### What to do
Up to and including the line that contains "image for item", reproduce every line exactly, beginning with the first line below.

### Data
Content starts
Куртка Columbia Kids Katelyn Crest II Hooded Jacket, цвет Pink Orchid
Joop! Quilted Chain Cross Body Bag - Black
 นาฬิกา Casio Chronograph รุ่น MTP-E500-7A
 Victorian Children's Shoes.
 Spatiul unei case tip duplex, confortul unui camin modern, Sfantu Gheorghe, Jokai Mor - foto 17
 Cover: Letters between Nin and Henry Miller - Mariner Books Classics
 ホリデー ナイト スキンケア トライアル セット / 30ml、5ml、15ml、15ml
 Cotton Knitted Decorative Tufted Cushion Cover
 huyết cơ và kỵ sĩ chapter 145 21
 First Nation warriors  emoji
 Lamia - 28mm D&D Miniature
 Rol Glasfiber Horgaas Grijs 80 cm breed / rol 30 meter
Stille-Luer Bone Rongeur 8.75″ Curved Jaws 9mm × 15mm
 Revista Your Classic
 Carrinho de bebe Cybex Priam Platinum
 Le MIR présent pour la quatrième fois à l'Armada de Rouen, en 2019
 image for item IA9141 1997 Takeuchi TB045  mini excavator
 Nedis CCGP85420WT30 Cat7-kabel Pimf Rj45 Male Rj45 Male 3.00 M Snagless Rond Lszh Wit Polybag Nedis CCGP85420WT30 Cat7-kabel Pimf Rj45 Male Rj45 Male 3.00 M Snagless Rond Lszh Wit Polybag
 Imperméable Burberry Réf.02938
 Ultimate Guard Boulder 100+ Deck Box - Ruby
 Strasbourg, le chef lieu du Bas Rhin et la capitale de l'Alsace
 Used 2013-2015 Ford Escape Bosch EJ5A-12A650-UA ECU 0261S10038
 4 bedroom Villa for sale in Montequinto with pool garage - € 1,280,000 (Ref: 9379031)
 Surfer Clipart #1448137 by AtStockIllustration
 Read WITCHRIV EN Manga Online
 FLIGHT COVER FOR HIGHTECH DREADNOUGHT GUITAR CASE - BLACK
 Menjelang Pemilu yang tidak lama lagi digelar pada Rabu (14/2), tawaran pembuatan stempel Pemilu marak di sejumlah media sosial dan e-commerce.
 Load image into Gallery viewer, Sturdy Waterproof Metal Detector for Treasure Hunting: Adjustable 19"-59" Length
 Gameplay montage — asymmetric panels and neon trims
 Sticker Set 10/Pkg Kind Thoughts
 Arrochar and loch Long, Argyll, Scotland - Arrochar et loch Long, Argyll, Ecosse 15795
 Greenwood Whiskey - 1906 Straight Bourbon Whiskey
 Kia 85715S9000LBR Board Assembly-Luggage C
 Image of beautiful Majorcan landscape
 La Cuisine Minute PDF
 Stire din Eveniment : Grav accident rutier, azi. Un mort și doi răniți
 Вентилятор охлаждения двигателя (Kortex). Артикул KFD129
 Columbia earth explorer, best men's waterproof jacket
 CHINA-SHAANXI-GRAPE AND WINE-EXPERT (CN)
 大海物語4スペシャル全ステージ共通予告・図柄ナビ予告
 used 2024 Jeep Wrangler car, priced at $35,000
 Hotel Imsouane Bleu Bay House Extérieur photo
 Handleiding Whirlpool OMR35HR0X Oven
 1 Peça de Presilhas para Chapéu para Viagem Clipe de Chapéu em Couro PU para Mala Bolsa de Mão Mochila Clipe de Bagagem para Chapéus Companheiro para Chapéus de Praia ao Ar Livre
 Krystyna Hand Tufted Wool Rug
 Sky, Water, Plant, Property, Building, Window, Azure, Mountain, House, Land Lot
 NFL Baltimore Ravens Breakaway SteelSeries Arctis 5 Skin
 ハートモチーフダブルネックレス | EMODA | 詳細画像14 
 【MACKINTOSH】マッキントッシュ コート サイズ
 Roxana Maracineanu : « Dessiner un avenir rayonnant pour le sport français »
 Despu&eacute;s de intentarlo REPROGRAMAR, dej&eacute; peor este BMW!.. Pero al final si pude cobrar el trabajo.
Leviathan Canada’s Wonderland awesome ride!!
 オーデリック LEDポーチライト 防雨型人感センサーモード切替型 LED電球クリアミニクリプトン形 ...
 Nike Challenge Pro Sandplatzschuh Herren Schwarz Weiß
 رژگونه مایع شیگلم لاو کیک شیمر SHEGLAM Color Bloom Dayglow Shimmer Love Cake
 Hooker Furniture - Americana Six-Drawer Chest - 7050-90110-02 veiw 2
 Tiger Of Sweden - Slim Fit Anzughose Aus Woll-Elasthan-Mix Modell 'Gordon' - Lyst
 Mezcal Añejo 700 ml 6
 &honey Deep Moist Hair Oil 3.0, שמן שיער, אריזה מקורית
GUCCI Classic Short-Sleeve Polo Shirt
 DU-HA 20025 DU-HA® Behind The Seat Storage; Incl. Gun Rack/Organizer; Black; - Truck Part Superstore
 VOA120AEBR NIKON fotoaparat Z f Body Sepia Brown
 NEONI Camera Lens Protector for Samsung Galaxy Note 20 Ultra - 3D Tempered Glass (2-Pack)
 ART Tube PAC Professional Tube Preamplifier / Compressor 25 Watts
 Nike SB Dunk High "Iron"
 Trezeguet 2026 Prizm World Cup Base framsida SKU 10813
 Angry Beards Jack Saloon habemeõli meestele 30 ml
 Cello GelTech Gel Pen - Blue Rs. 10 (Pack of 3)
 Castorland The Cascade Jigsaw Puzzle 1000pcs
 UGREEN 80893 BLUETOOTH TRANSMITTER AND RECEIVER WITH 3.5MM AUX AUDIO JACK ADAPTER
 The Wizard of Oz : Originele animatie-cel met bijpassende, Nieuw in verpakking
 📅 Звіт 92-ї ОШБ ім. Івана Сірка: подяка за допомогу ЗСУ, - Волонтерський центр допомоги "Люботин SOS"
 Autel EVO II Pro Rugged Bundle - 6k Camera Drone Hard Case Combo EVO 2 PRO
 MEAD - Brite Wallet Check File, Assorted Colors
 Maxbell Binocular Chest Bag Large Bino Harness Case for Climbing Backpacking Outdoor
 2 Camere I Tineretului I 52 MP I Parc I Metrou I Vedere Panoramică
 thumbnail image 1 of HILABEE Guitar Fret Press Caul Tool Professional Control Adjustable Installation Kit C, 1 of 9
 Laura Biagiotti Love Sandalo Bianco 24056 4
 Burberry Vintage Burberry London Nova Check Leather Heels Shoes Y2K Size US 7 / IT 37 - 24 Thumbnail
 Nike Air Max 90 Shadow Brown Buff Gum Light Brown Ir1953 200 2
Content ends
### Answer to this exercise
Куртка Columbia Kids Katelyn Crest II Hooded Jacket, цвет Pink Orchid
Joop! Quilted Chain Cross Body Bag - Black
 นาฬิกา Casio Chronograph รุ่น MTP-E500-7A
 Victorian Children's Shoes.
 Spatiul unei case tip duplex, confortul unui camin modern, Sfantu Gheorghe, Jokai Mor - foto 17
 Cover: Letters between Nin and Henry Miller - Mariner Books Classics
 ホリデー ナイト スキンケア トライアル セット / 30ml、5ml、15ml、15ml
 Cotton Knitted Decorative Tufted Cushion Cover
 huyết cơ và kỵ sĩ chapter 145 21
 First Nation warriors  emoji
 Lamia - 28mm D&D Miniature
 Rol Glasfiber Horgaas Grijs 80 cm breed / rol 30 meter
Stille-Luer Bone Rongeur 8.75″ Curved Jaws 9mm × 15mm
 Revista Your Classic
 Carrinho de bebe Cybex Priam Platinum
 Le MIR présent pour la quatrième fois à l'Armada de Rouen, en 2019
 image for item IA9141 1997 Takeuchi TB045  mini excavator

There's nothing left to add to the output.